Friday, December 10, 2010

Today -100: December 10, 1910: Of height, Jim Crow in Charm City, fruit and the Japanese, and poor ex-kings


French aviator Georges Legagneux breaks the 10,000-foot altitude barrier.

Baltimore City Council passes an ordinance making it illegal for negroes to move into any block in which a majority of houses are occupied by white people, and vice versa. Evidently while legal segregation of facilities (schools, street cars, theaters, etc) is common, this is a novelty. The punishment is a $100 fine and imprisonment up to 1 year. No one now living in the “wrong” neighborhood will be forced to move. When a new city block is being built, the builder must specify the race of the intended residents.

Secretary of War Jacob Dickinson points out that the US military’s entire aeronautical equipment consists of one small dirigible, one Wright airplane and 3 small captive balloons (whatever that means). The air force consists of 10 people, only one of whom is a licensed pilot (for balloons). Dickinson wants to buy more planes.
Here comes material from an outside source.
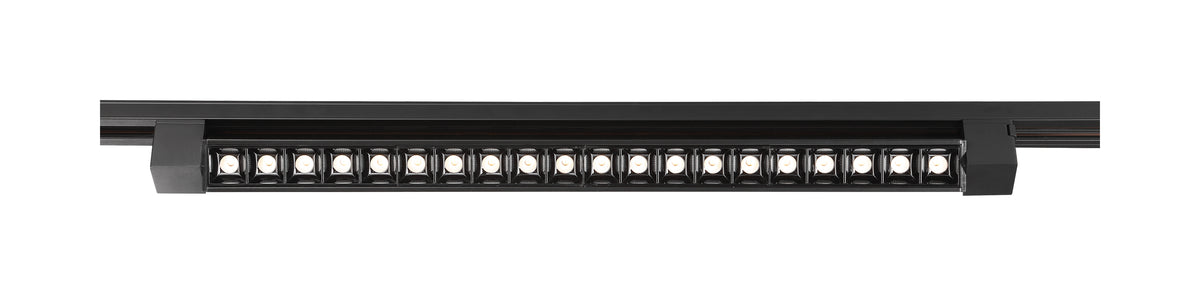 LED - 2FT - Track Light Bar - Black Finish - 30 deg. Beam Angle - H-Style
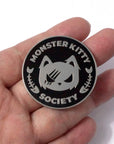 Monster Kitty Society Enamel Pin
Of the 370 army deaths last year, 228 were from disease (43 from tuberculosis) and there were 33 suicides, 15 homicides, and 6 killed in hostilities in the Philippines.

The California Fruit Growers’ Association convention demands that Japanese be banned from owning land in the state.

The deposed king of Portugal, the poor baby, is poverty stricken. “For three months he has not had the means with which to pay his own servants.”